TASK:
In the data below, find the line containing "this 639×479 image."; transcribe it and each line after it exactly, through the last, skipping pictures.

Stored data

Content starts

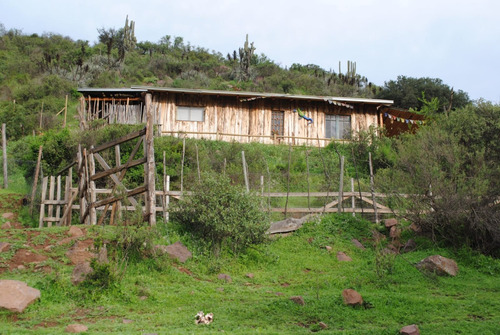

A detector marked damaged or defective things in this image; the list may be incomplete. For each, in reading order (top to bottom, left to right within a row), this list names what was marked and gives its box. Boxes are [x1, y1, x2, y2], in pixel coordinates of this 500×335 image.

rusty roof edge [130, 86, 394, 105]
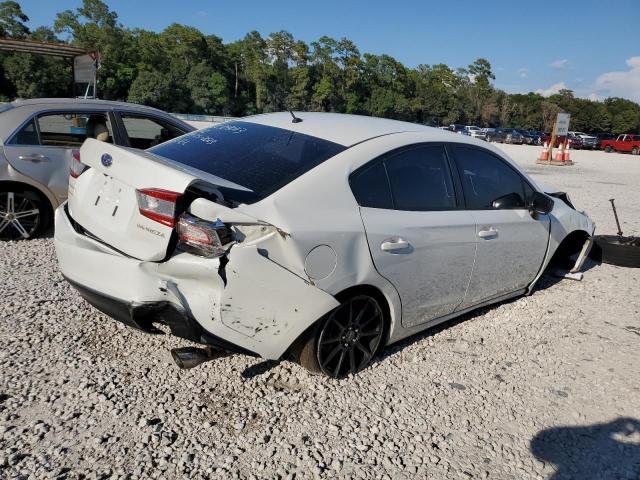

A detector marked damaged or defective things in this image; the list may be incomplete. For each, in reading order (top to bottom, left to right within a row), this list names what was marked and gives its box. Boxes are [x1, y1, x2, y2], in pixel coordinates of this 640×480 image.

damaged rear bumper [53, 203, 340, 360]
detached bumper piece on gravel [592, 235, 640, 268]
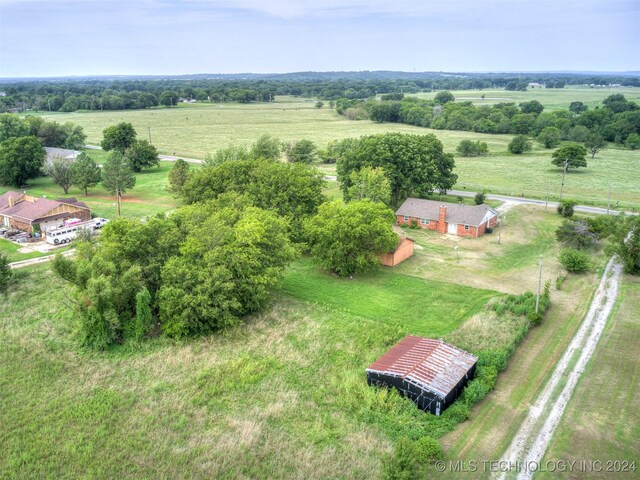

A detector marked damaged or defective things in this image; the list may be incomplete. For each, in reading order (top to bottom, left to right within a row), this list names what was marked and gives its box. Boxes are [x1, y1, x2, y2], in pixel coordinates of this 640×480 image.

rusted metal barn [368, 336, 478, 414]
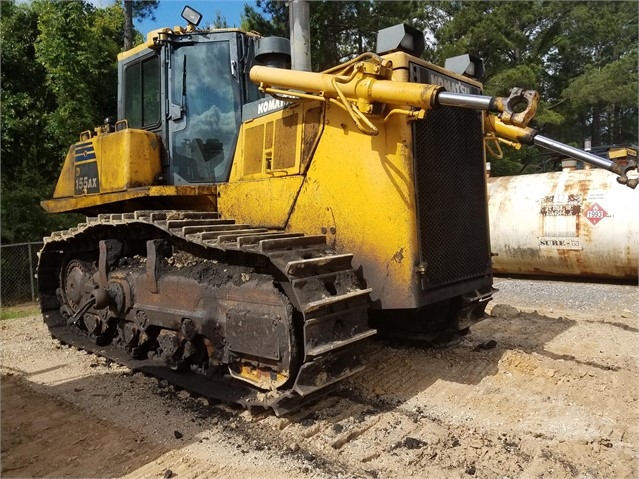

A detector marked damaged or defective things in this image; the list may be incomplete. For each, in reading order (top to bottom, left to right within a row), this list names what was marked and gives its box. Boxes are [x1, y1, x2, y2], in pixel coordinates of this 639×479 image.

rusty storage tank [488, 167, 636, 280]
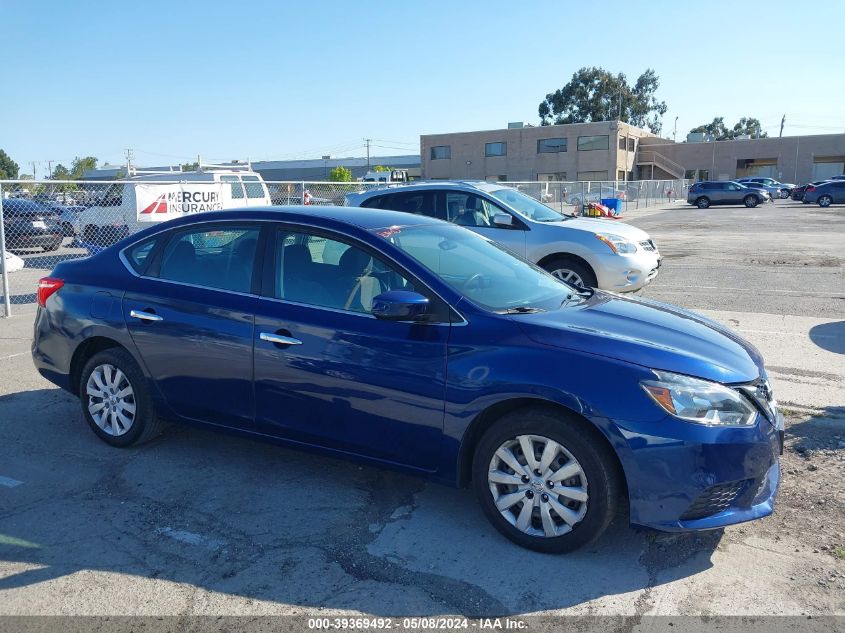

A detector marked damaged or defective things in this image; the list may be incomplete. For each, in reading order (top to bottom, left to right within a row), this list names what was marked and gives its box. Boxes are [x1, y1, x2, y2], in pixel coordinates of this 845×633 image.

cracked pavement [0, 198, 840, 612]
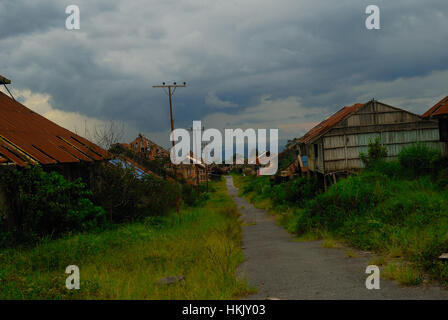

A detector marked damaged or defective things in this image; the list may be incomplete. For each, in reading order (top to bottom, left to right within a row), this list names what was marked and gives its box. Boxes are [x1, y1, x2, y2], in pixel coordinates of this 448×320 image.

rusted roof panel [0, 91, 110, 166]
rusty metal roof [0, 89, 111, 165]
rusty metal roof [300, 103, 366, 143]
rusted roof panel [300, 103, 366, 143]
rusty metal roof [420, 97, 448, 119]
rusted roof panel [422, 97, 446, 119]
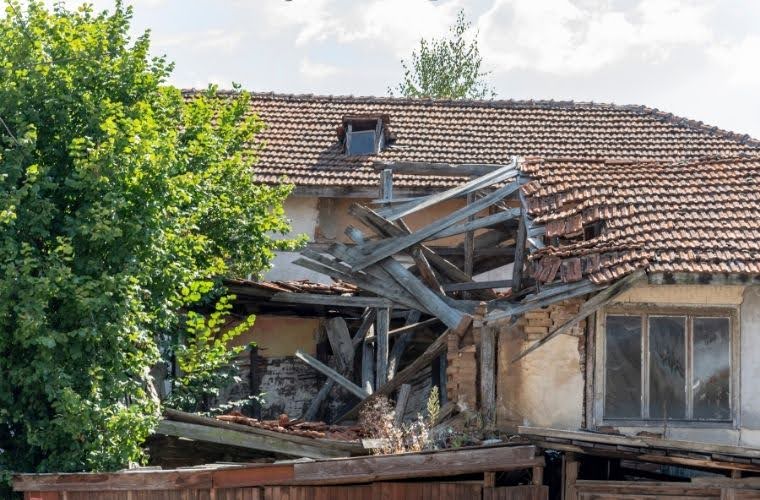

Content ends

TASK RESULT:
A detector marked damaged or defective things in this image; the list may be incomplete. For each, in reading order (top to bottom, left to right within a row), this list names what was marked and gives its box. Boxes are [x1, y1, x2, y2], in pixel coordinates of this 639×479 image.

rusty storage tank [488, 167, 636, 280]

A detector marked damaged or defective things in this image; the list may be incomplete. For each, in reading order (top to bottom, left to right within a row), this list names what was marked and gives its box. Boxes are [x1, y1, x2, y2], in pixel coordinates of this 845×633 image.

cracked pavement [0, 198, 840, 612]

A detector marked damaged or defective things in this image; the list may be incomplete. For each, in reading order (top to bottom, left to right within a row), this list names what was marked and gives its box. Boxes are [x1, y1, x2, y2], in pixel coordinates of this 448×320 image.

rusted roof panel [0, 91, 110, 166]
rusty metal roof [0, 89, 111, 165]
rusty metal roof [300, 103, 366, 143]
rusted roof panel [300, 103, 366, 143]
rusty metal roof [420, 97, 448, 119]
rusted roof panel [422, 97, 446, 119]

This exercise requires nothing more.